(Records drawn from a dataset)
_ _ _ _ _ _ _
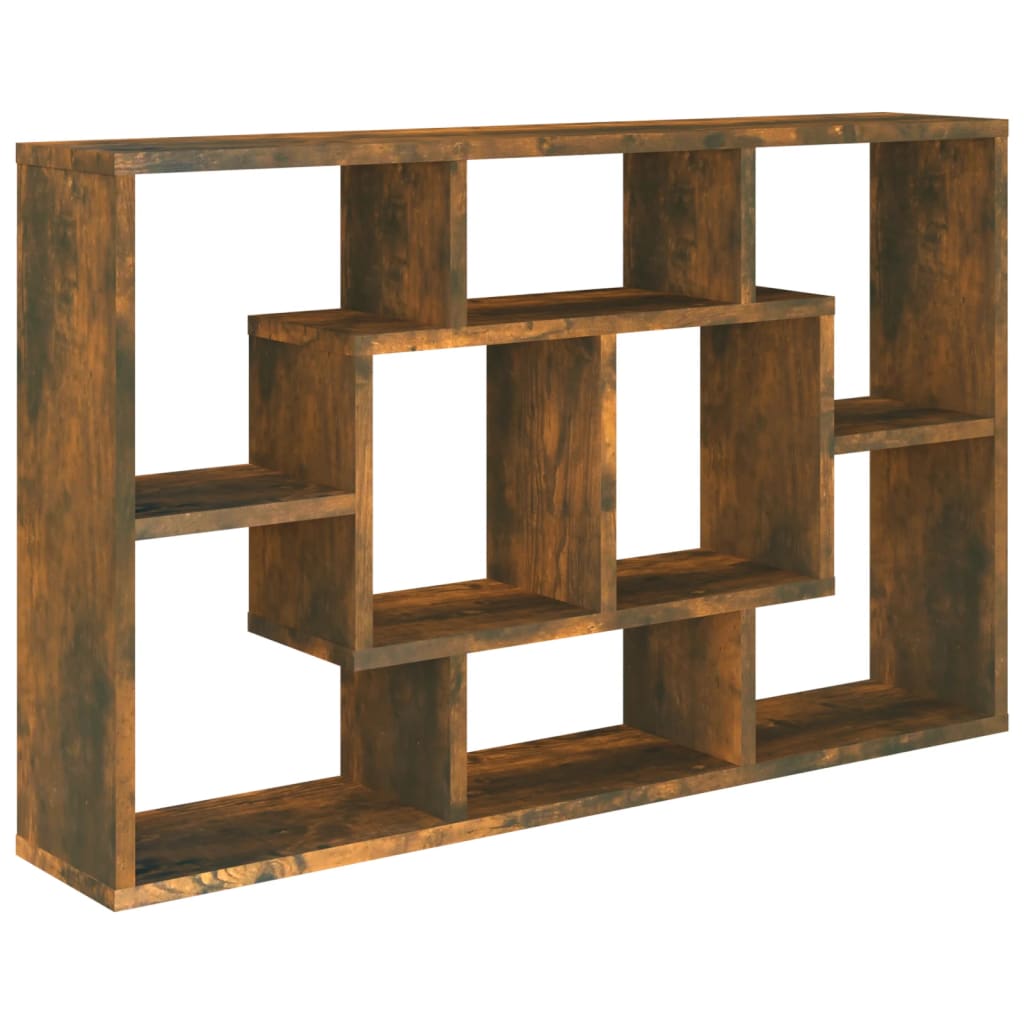 Mensola a Muro Rovere Fumo 85x16x52,5 cm in Legno Multistrato - homemem39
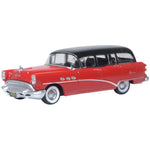 Oxford 1954 Buick Century - Estate Wagon Matador Red/Carlsbad Black (1/87 Scale)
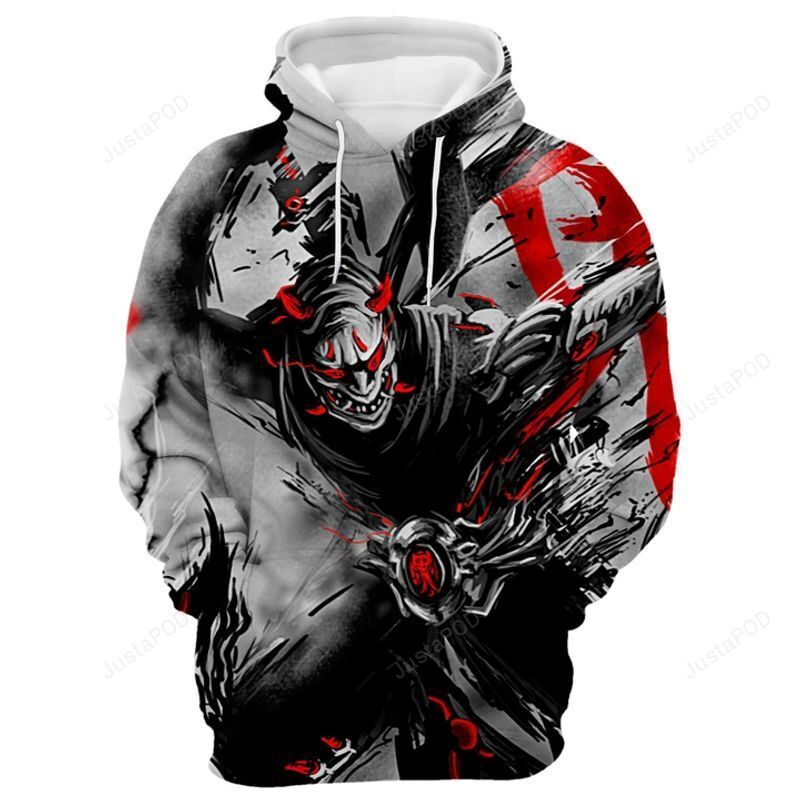 Oni Genji Overwatch 3d All Over Print Hoodie Zip-up Hoodie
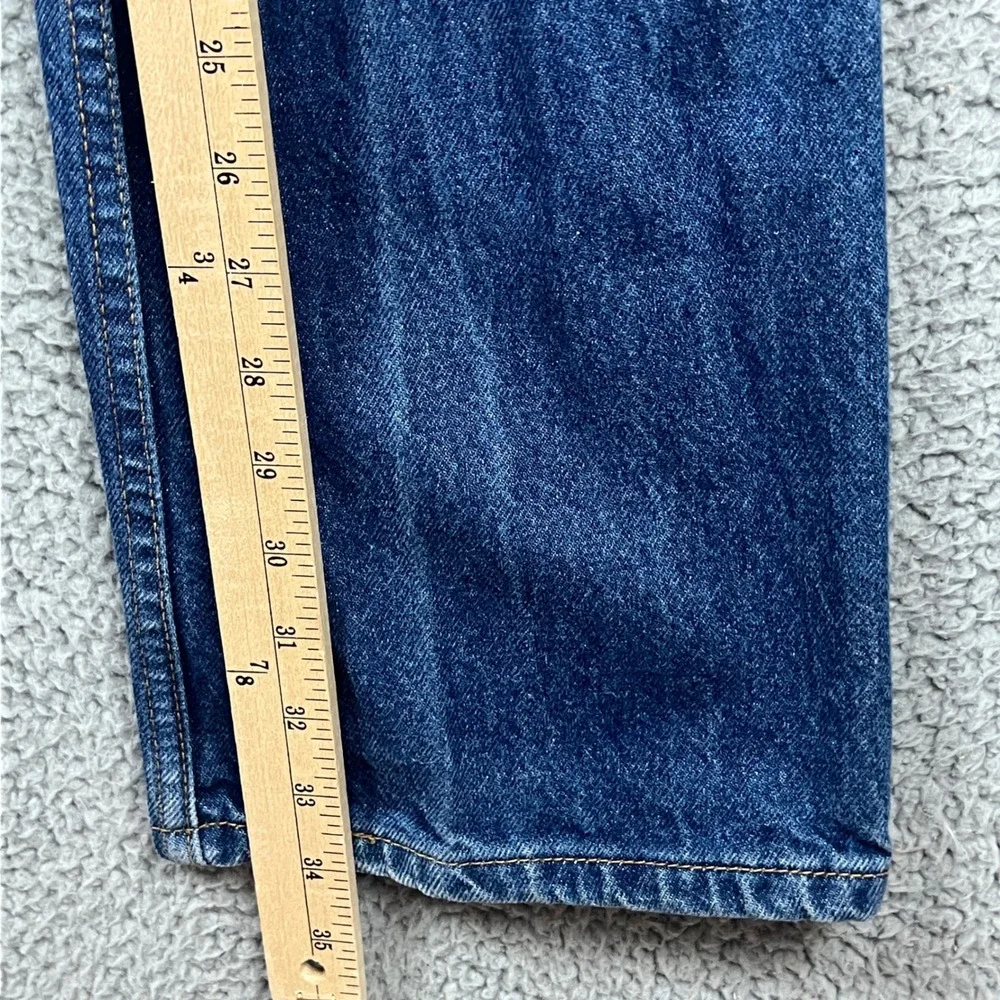 Vintage Levis 517 Orange Tab Jeans 32x34 Blue Bootcut Denim Made in USA Mens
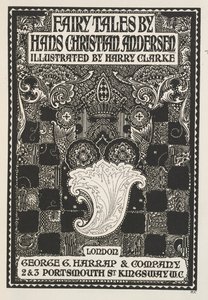 Geïllustreerde titelpagina, met symbolen en vierkanten. door Harry Clarke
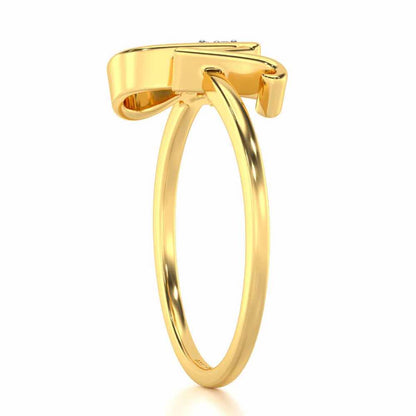 Flora N Silver Ring - Yellow Gold - Image 3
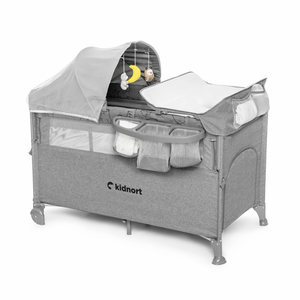 Reisebett Kidnort Stugan Light Grey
_ _ _ _ _ _ _
- Exercise description -
Can you repeat every record above exactly, apart from the pictures?

- Solution to this task -
 Mensola a Muro Rovere Fumo 85x16x52,5 cm in Legno Multistrato - homemem39
 Oxford 1954 Buick Century - Estate Wagon Matador Red/Carlsbad Black (1/87 Scale)
 Oni Genji Overwatch 3d All Over Print Hoodie Zip-up Hoodie
 Vintage Levis 517 Orange Tab Jeans 32x34 Blue Bootcut Denim Made in USA Mens
 Geïllustreerde titelpagina, met symbolen en vierkanten. door Harry Clarke
 Flora N Silver Ring - Yellow Gold - Image 3
 Reisebett Kidnort Stugan Light Grey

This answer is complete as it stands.